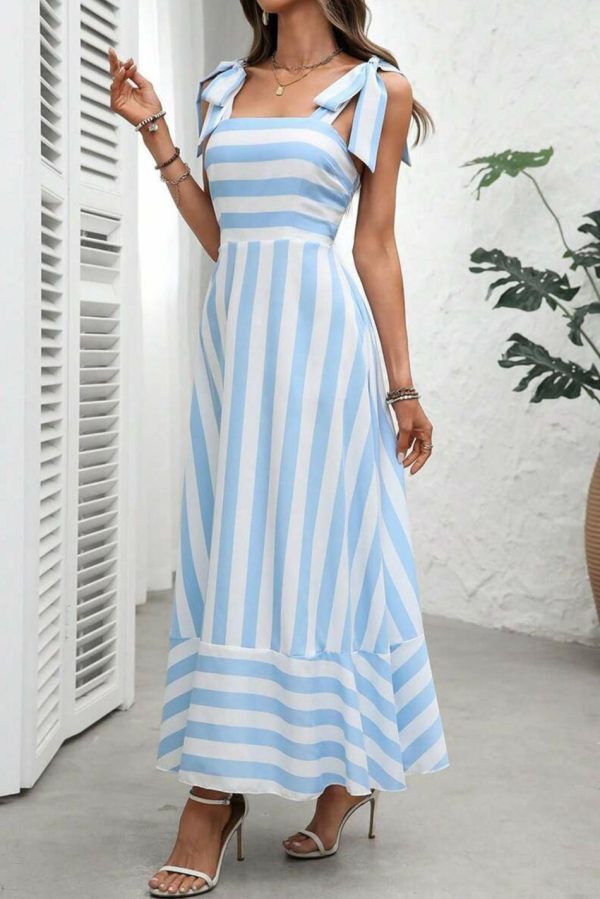 Women Sky Blue Stripe Knot Strap Maxi Dress | Maxi Dresses
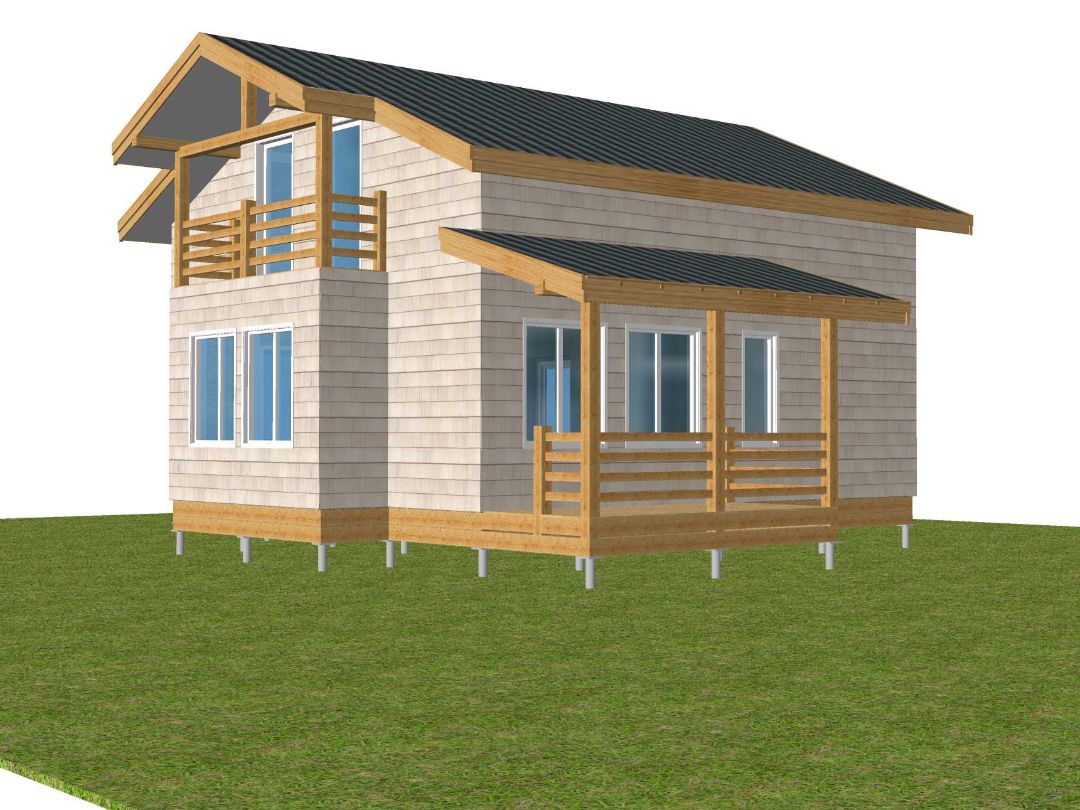 Двухэтажный дом с эркером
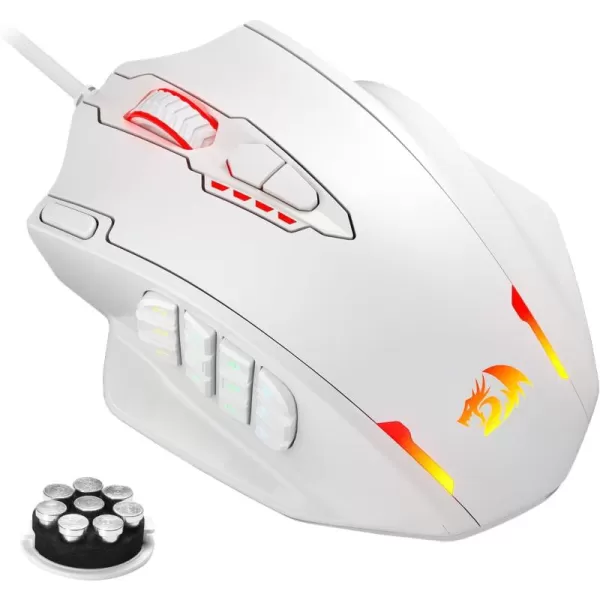 Redragon M908 Impact RGB LED MMO Gaming Mouse with 12 Side Buttons Optical Wired Ergonomic Gamer Mouse with Max 12400DPI High Precision 18 Programmable Macro Shortcuts Comfort GripWhite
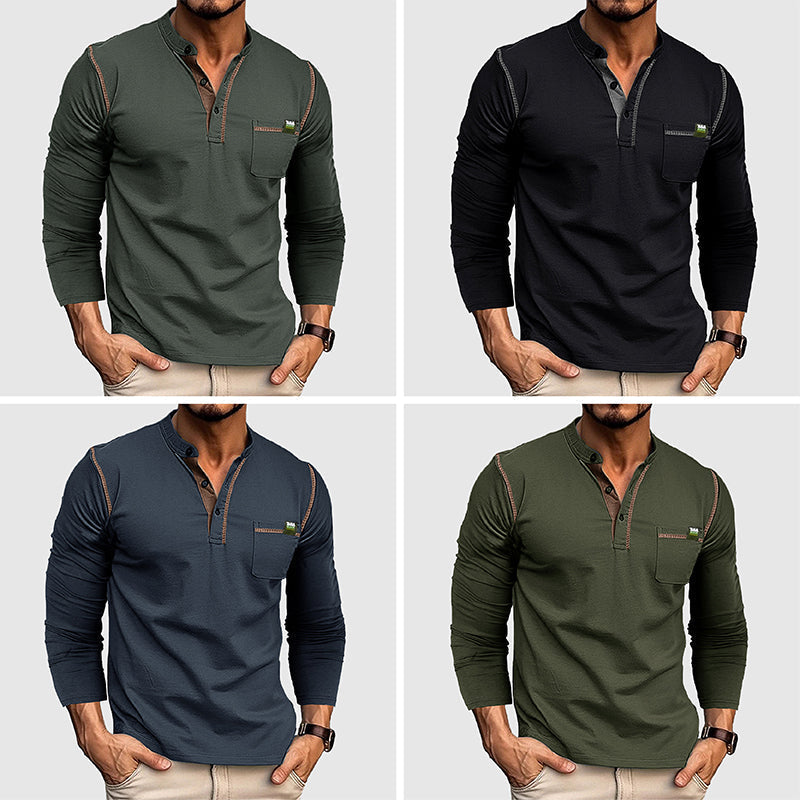 Allsidig herre Henley skjorte, langermet og komfortabel for hverdag og fritid.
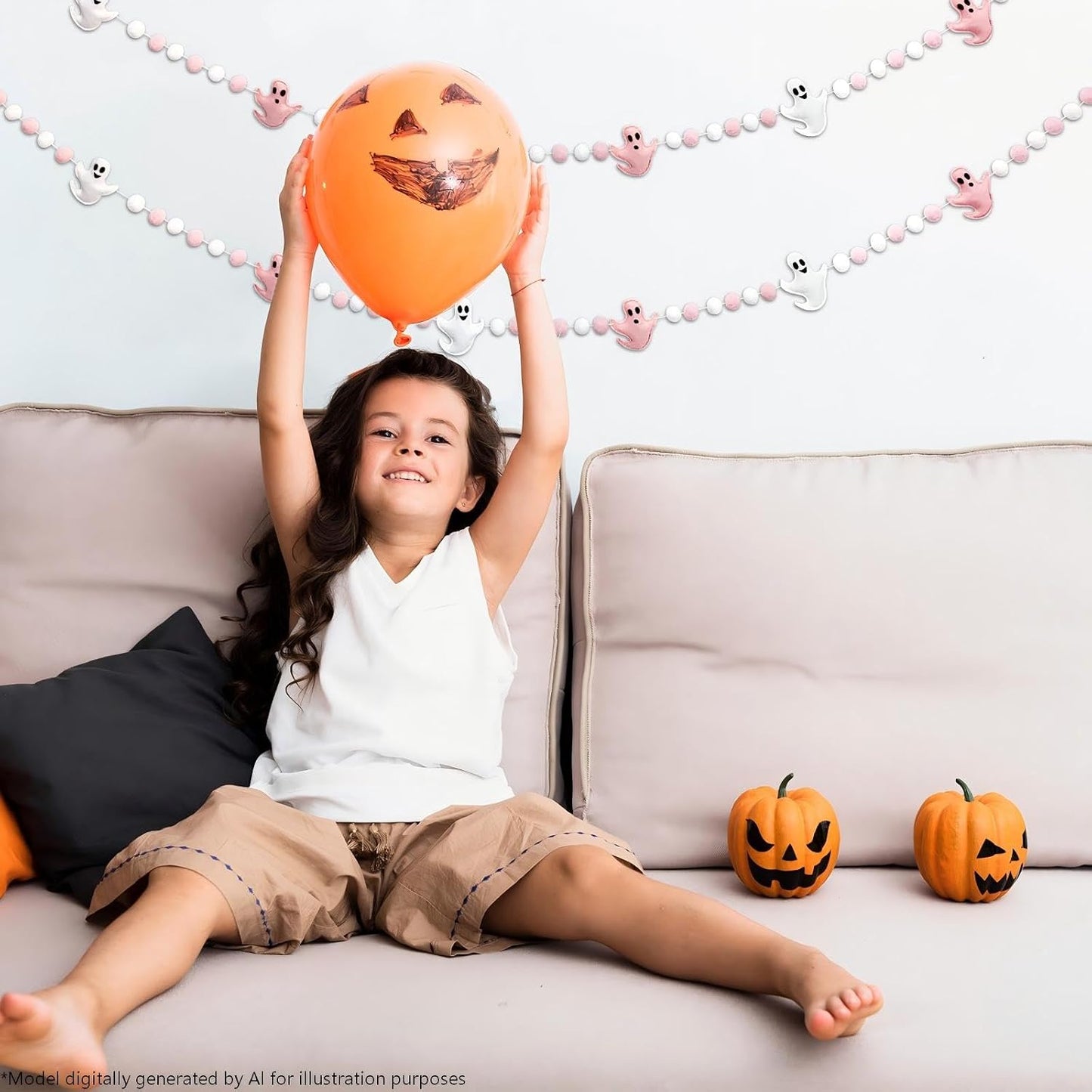 Pink Halloween Decor with Ghost Garland for Pink Halloween Decorations Garland Indoor in Pastel Decor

DIRECTIONS FOR THIS TASK
Taking each record in turn, retype it exactly and drop any picture.

WRITTEN RESPONSE
 Women Sky Blue Stripe Knot Strap Maxi Dress | Maxi Dresses
 Двухэтажный дом с эркером
 Redragon M908 Impact RGB LED MMO Gaming Mouse with 12 Side Buttons Optical Wired Ergonomic Gamer Mouse with Max 12400DPI High Precision 18 Programmable Macro Shortcuts Comfort GripWhite
 Allsidig herre Henley skjorte, langermet og komfortabel for hverdag og fritid.
 Pink Halloween Decor with Ghost Garland for Pink Halloween Decorations Garland Indoor in Pastel Decor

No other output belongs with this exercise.